The task: What you produce should be the lines from the line containing "Kids Suede Lace-Up" through the last line below, both ends included, reproduced exactly and without pictures.

The data:
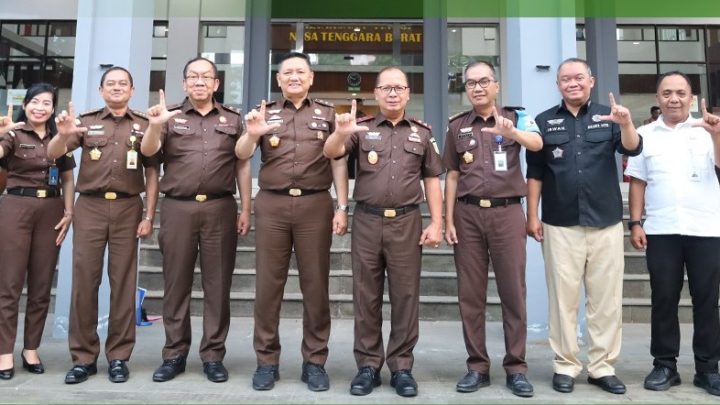 KUNJUNGAN KERJA SEKRETARIS JAKSA AGUNG MUDA PENGAWASAN DALAM RANGKA SUPERVISI PENGAWASAN TAHUN 2025 PADA WILAYAH HUKUM KEJAKSAAN TINGGI NUSA TENGGARA BARAT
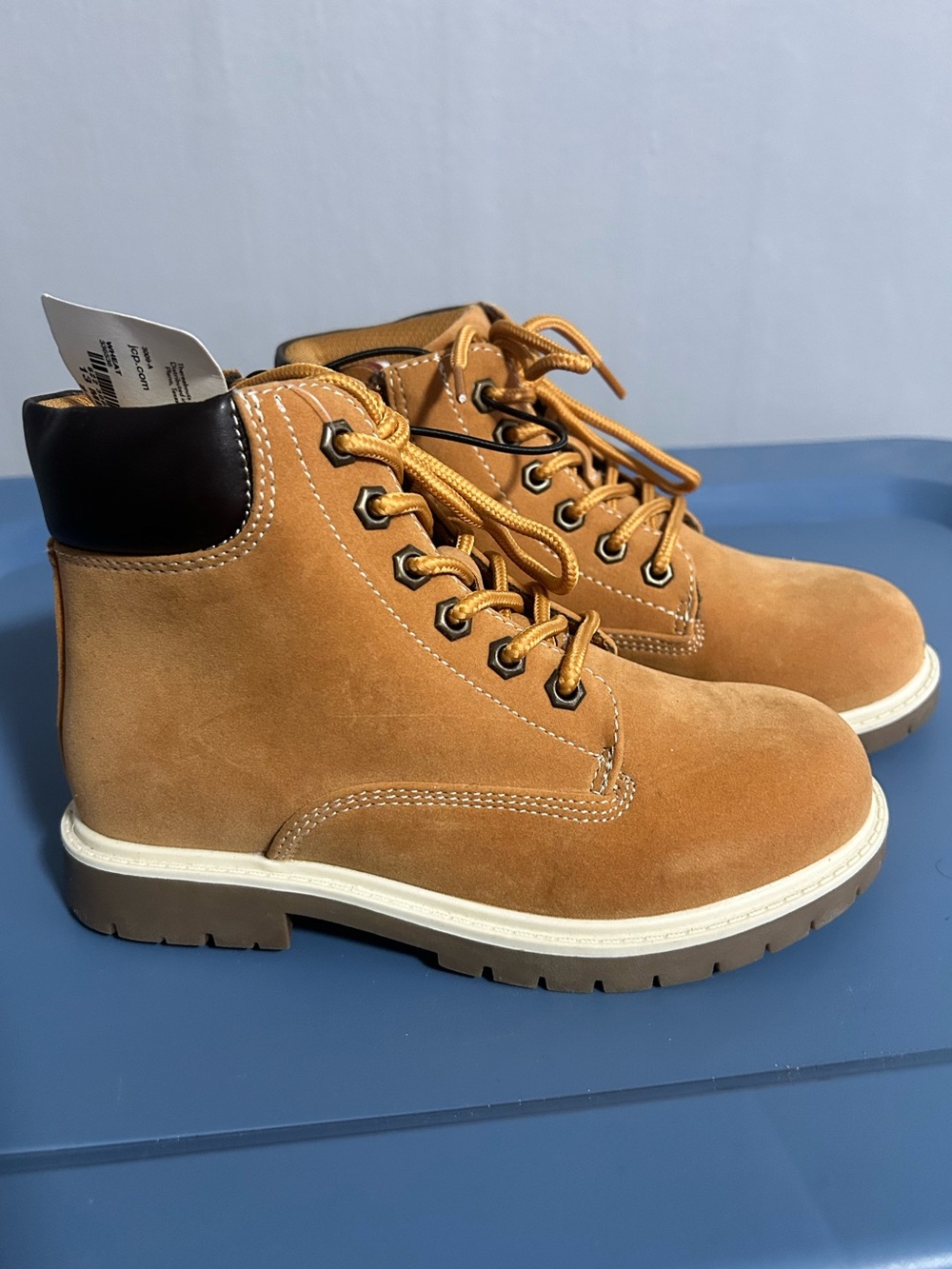 Kids Suede Lace-Up Ankle Boots w/zipper in Tan - Durable Outdoor Style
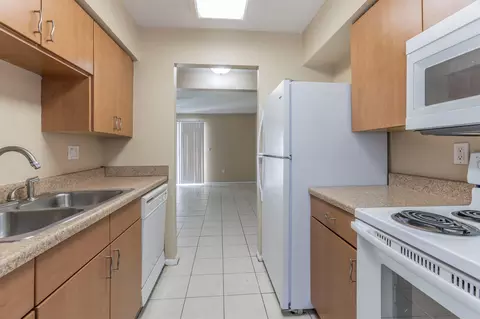 Kitchen - 1500 Lake Shore Dr #802, Waco, TX 76708 photo 1 of 2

Result for this exercise:
 Kids Suede Lace-Up Ankle Boots w/zipper in Tan - Durable Outdoor Style
 Kitchen - 1500 Lake Shore Dr #802, Waco, TX 76708 photo 1 of 2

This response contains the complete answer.